▶ [Problem to work on]: Nothing but the records themselves, exactly as written, should appear in the reply; leave out the pictures.

(Captioned web images)
────

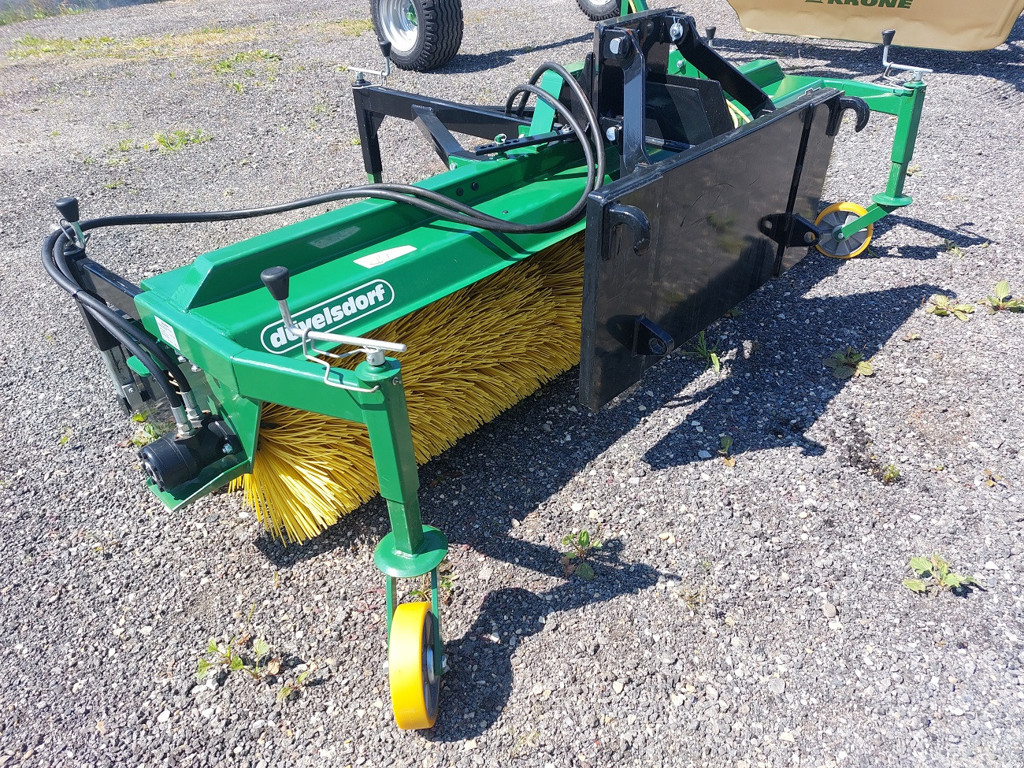 49ed4c61-e9fa-4861-868c-9d0a02bdd1cb-Düvelsdorf Balayeuse DKE 2.25  (1).jpg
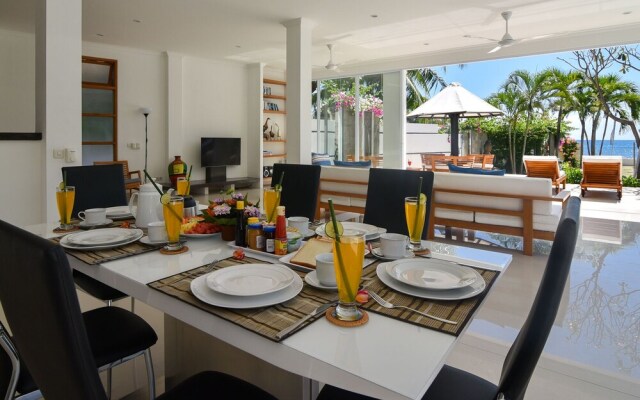 Villa Lovina Beach 2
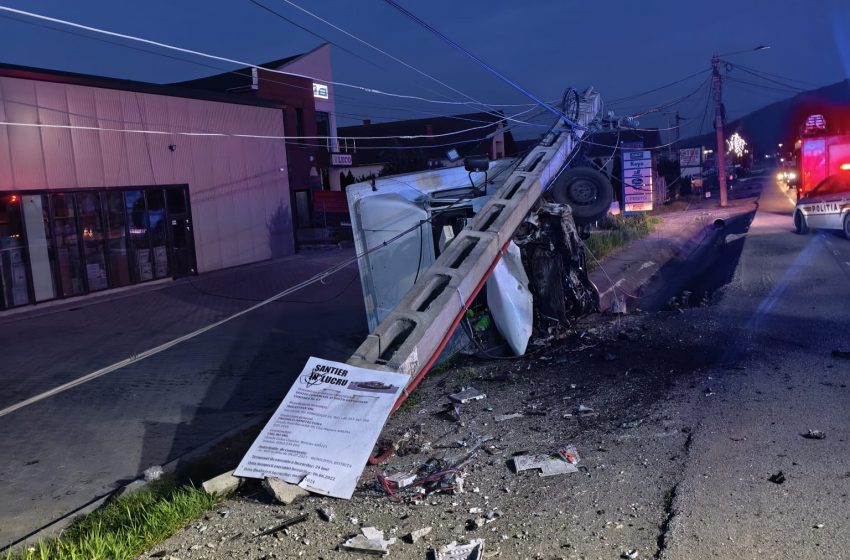  Microbuz intrat într-un stâlp la Viișoara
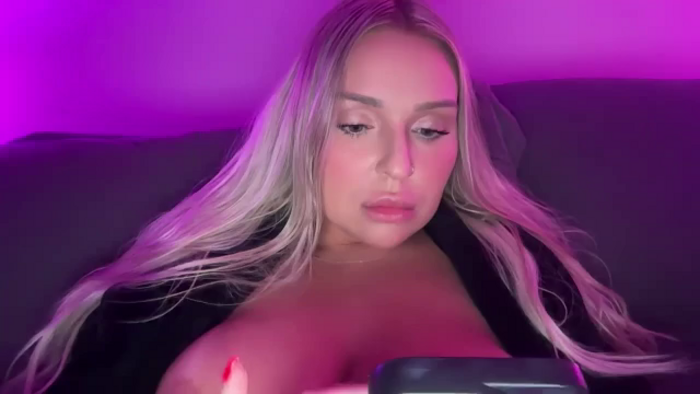 KissMyTitsPls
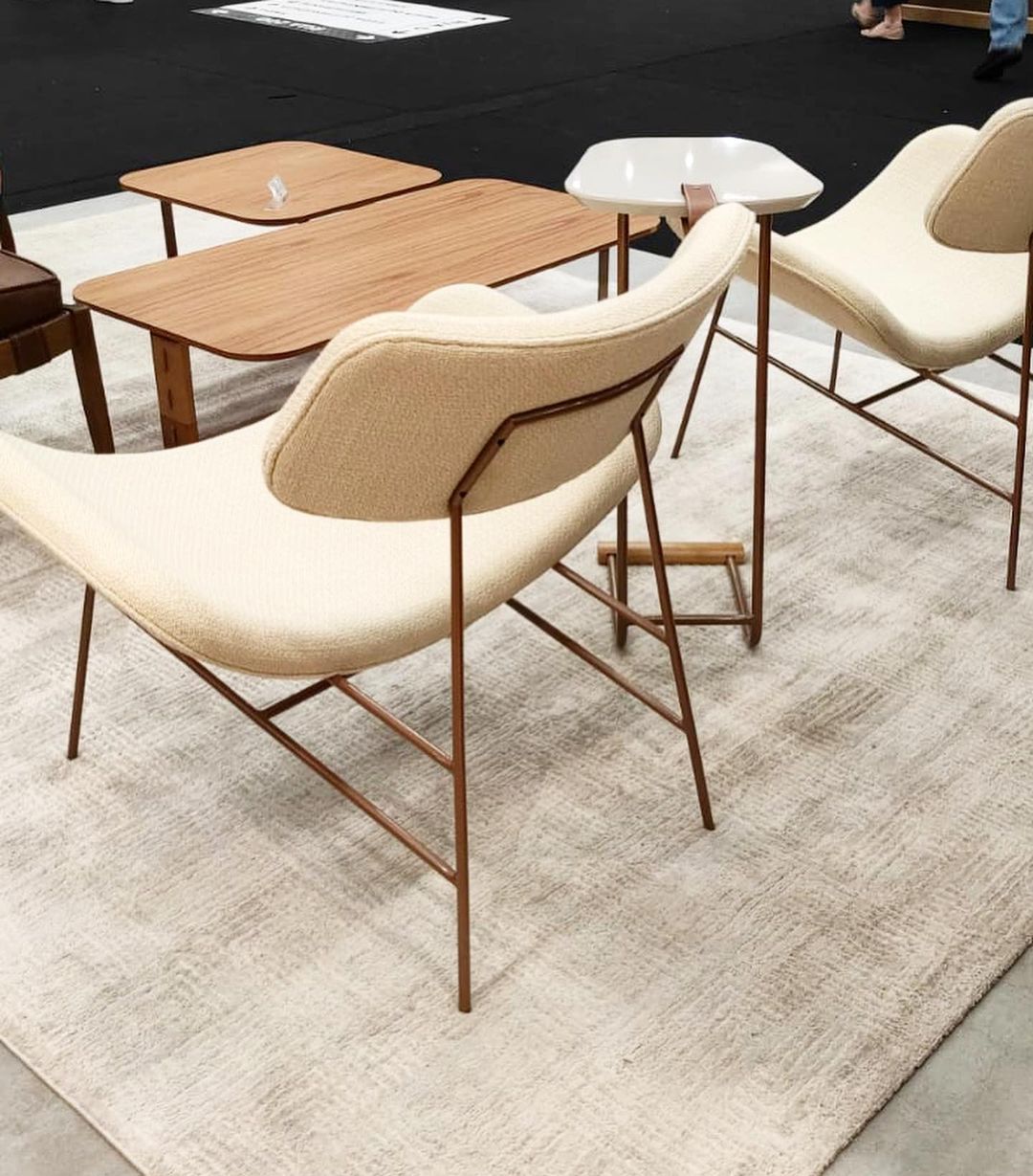 Tapete bege abstrato com cadeiras modernas de design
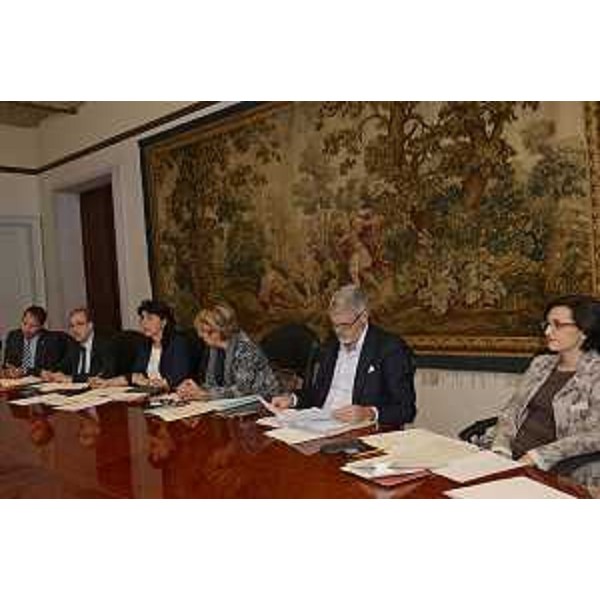 Gli assessori regionali Cristiano Shaurli (Risorse agricole e forestali), Gianni Torrenti (Cultura, Sport e Solidarietà), Mariagrazia Santoro (Infrastrutture, Mobilità, Pianificazione territoriale, Lavori pubblici, Edilizia), Maria Sandra Telesca (Salute, Integrazione socio-sanitaria, Politiche sociali e Famiglia), Paolo Panontin (Autonomie locali e Coordinamento Riforme, Caccia e risorse ittiche, delegato Protezione civile) e Sara Vito (Ambiente ed Energia) durante la riunione della Giunta del FVG - Trieste 25/09/2015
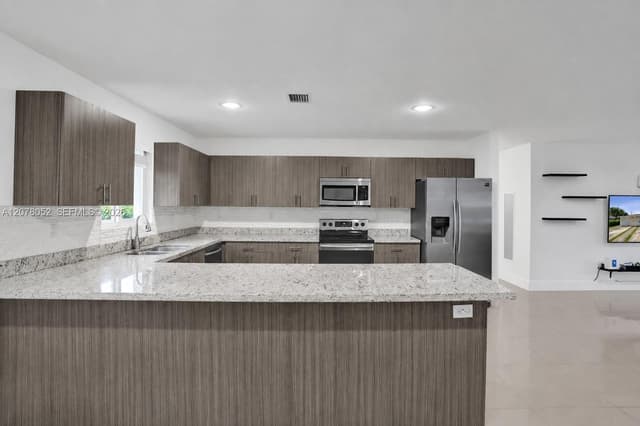 10770 SW 149th St, Miami FL 33176 - Miami, FL - Photo 4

────

▶ [Output of the task]:
 49ed4c61-e9fa-4861-868c-9d0a02bdd1cb-Düvelsdorf Balayeuse DKE 2.25  (1).jpg
 Villa Lovina Beach 2
  Microbuz intrat într-un stâlp la Viișoara
 KissMyTitsPls
 Tapete bege abstrato com cadeiras modernas de design
 Gli assessori regionali Cristiano Shaurli (Risorse agricole e forestali), Gianni Torrenti (Cultura, Sport e Solidarietà), Mariagrazia Santoro (Infrastrutture, Mobilità, Pianificazione territoriale, Lavori pubblici, Edilizia), Maria Sandra Telesca (Salute, Integrazione socio-sanitaria, Politiche sociali e Famiglia), Paolo Panontin (Autonomie locali e Coordinamento Riforme, Caccia e risorse ittiche, delegato Protezione civile) e Sara Vito (Ambiente ed Energia) durante la riunione della Giunta del FVG - Trieste 25/09/2015
 10770 SW 149th St, Miami FL 33176 - Miami, FL - Photo 4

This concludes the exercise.